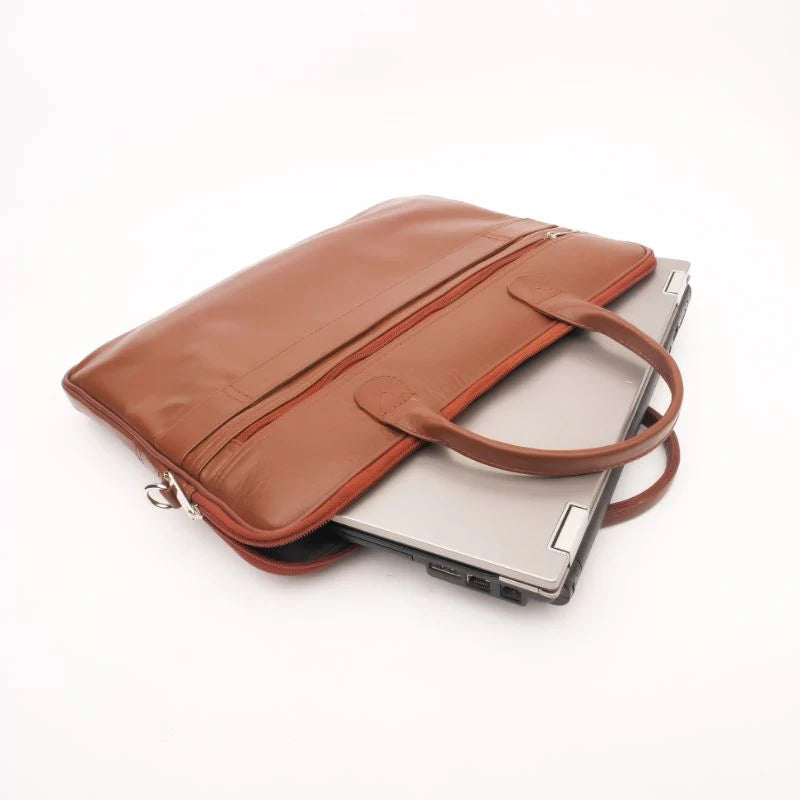 Brown leather laptop bag with a handle on a white background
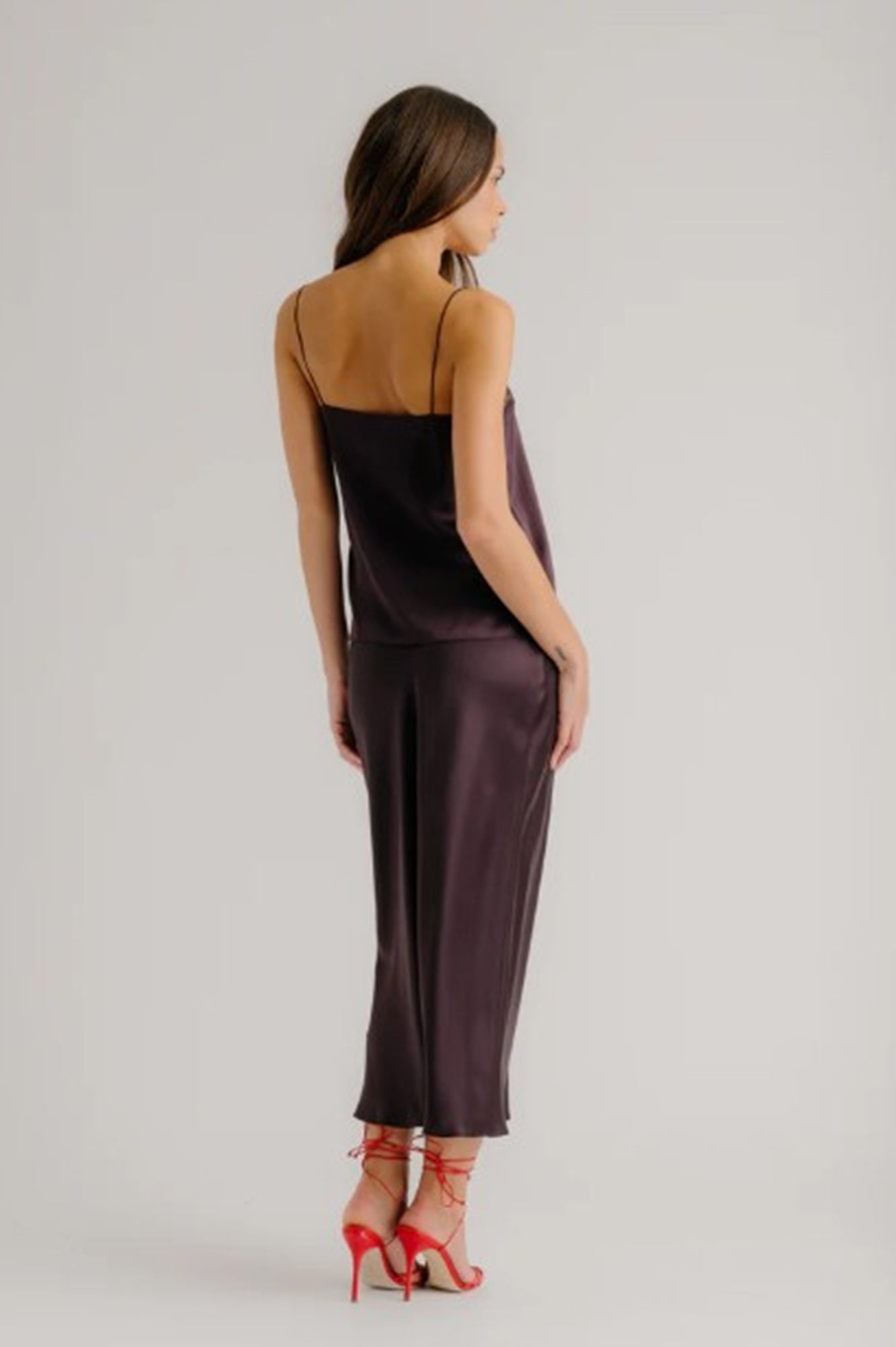 back image of a woman wearing the Sablyn Miranda B Silk Skirt in Oak Tree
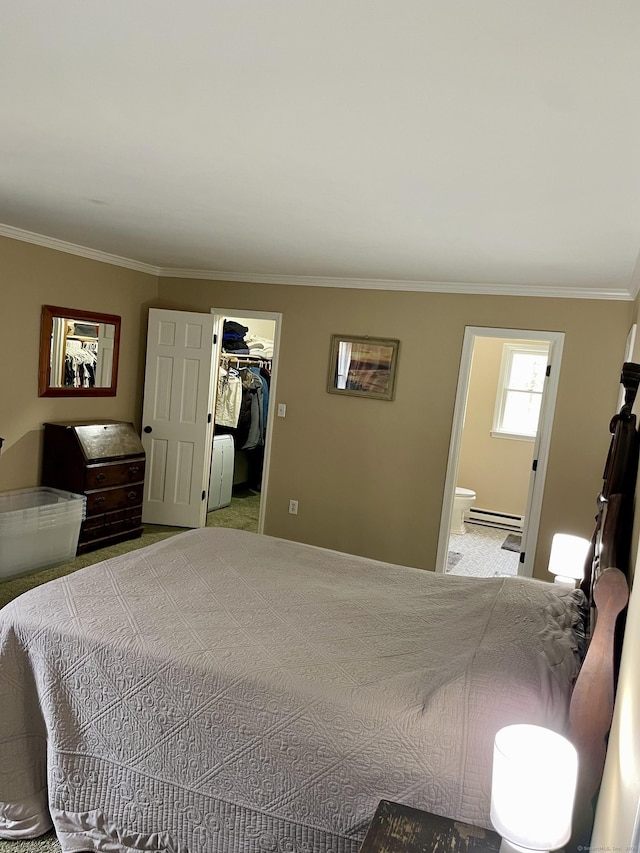 carpeted bedroom featuring connected bathroom, baseboard heating, a closet, ornamental molding, and a walk in closet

→ Required work
Leaving out all pictures, retype exactly the lines that run from the one containing "back image of" through the last line of the material.

→ Reply
 back image of a woman wearing the Sablyn Miranda B Silk Skirt in Oak Tree
 carpeted bedroom featuring connected bathroom, baseboard heating, a closet, ornamental molding, and a walk in closet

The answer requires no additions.